Personal information
- Nickname: "La petite fiancée de l'Atlantique"
- Nationality: French
- Born: 28 October 1957 Boulogne-Billancourt, France
- Died: 9 March 2015 (aged 57) Villa Castelli, La Rioja, Argentina

Sailing career
- Sport: Sailing

= Florence Arthaud =

French sailor (1957–2015)

Florence Arthaud (28 October 1957 – 9 March 2015) was a French sailor. In 1990, she became the first woman to win the Route du Rhum.

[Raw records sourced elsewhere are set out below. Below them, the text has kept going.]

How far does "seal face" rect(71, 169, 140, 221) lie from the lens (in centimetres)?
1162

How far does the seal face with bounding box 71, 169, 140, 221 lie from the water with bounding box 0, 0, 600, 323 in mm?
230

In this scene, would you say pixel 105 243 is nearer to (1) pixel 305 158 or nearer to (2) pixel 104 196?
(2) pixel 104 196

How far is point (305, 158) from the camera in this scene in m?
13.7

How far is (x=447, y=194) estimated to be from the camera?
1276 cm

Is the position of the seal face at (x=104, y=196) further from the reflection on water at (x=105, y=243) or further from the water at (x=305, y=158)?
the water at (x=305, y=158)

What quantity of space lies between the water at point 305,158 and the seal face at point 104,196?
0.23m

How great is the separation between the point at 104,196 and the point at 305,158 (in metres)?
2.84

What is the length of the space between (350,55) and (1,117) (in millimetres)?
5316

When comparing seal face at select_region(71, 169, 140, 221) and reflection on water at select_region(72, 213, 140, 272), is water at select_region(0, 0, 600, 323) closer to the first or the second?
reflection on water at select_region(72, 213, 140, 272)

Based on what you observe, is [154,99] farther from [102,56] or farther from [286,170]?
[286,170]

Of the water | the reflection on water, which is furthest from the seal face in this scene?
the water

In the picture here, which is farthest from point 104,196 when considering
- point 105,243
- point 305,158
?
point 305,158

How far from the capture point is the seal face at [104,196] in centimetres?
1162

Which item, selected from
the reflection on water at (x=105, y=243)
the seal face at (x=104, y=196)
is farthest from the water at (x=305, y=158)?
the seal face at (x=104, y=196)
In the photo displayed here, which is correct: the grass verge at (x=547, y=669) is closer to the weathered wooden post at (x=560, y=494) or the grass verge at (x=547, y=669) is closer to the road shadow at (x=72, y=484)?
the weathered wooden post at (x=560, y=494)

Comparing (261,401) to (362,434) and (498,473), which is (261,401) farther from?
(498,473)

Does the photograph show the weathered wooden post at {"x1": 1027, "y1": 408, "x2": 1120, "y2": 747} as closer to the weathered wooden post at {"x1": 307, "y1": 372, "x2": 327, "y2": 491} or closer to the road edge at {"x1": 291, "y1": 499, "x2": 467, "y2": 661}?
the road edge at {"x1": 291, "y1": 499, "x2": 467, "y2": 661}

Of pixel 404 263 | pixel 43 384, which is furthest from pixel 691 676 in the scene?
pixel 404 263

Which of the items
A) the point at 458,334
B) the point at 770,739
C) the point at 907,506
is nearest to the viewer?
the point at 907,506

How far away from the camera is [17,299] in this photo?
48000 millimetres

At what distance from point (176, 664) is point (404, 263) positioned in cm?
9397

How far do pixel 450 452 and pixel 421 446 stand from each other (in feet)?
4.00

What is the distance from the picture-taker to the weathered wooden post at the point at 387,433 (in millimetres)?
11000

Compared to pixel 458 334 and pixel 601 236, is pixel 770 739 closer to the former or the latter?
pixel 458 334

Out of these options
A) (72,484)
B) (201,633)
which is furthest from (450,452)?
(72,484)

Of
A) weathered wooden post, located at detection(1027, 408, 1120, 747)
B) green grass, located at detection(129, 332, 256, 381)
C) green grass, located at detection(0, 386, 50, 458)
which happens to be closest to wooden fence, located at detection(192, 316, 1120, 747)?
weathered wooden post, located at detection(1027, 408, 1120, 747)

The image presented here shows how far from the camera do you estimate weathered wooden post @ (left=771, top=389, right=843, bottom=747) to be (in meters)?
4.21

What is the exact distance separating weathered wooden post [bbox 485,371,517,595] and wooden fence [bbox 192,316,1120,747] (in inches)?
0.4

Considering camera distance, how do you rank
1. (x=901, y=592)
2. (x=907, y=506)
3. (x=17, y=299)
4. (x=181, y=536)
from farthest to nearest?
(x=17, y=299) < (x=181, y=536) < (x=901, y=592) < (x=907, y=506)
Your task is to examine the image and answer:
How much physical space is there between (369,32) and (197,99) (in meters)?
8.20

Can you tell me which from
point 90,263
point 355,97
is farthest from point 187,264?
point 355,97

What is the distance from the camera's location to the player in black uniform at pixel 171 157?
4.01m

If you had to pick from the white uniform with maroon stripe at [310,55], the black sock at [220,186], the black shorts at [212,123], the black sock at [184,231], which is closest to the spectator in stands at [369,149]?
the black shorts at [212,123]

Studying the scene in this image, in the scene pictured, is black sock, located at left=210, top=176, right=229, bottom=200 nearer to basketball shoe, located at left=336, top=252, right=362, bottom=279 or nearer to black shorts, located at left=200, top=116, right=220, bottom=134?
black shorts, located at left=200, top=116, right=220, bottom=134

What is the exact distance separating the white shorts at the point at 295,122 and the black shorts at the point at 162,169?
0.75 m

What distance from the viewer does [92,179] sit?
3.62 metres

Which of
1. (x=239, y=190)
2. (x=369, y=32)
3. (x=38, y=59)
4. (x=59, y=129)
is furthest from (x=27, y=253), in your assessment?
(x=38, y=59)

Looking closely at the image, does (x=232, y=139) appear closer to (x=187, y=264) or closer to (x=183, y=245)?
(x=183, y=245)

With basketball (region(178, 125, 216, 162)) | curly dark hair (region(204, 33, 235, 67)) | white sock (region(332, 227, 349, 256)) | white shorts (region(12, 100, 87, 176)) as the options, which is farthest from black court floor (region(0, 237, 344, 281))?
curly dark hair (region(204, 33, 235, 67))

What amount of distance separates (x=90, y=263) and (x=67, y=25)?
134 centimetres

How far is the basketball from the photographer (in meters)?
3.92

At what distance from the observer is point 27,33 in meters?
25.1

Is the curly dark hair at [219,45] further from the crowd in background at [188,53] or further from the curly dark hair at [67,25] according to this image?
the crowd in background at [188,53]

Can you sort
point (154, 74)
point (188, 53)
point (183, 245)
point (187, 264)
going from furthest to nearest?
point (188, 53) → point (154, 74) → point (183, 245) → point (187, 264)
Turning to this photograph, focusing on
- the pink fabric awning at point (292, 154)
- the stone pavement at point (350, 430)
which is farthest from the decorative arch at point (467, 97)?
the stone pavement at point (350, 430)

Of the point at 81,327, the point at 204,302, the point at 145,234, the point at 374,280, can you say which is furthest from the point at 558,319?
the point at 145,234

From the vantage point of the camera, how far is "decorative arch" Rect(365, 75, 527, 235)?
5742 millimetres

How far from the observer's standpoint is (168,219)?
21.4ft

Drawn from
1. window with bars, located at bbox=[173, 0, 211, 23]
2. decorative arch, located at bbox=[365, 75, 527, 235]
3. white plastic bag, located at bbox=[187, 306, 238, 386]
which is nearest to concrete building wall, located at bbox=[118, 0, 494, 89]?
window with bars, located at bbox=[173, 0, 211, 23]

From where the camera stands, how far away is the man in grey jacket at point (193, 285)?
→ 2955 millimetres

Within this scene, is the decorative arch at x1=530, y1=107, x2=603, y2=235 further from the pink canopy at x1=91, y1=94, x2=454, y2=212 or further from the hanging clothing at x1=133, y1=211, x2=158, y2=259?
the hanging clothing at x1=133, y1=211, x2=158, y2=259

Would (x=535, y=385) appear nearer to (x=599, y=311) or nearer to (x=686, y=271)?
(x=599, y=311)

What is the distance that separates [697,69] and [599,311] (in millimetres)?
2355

She died in a helicopter crash in the Argentine province of La Rioja while she was participating in the filming of the reality TV show, Dropped, along with other French athletes.

==Biography==

=== Youth ===
Florence Arthaud was the daughter of Jacques Arthaud, director of the Grenoble publishing house, Arthaud, during the 1970s, which published the memoirs of sailors Bernard Moitessier and Éric Tabarly. Arthaud started sailing at a very young age with her brother, Jean-Marie, and her father. She then sharpened her skills at the Antibes sailing club.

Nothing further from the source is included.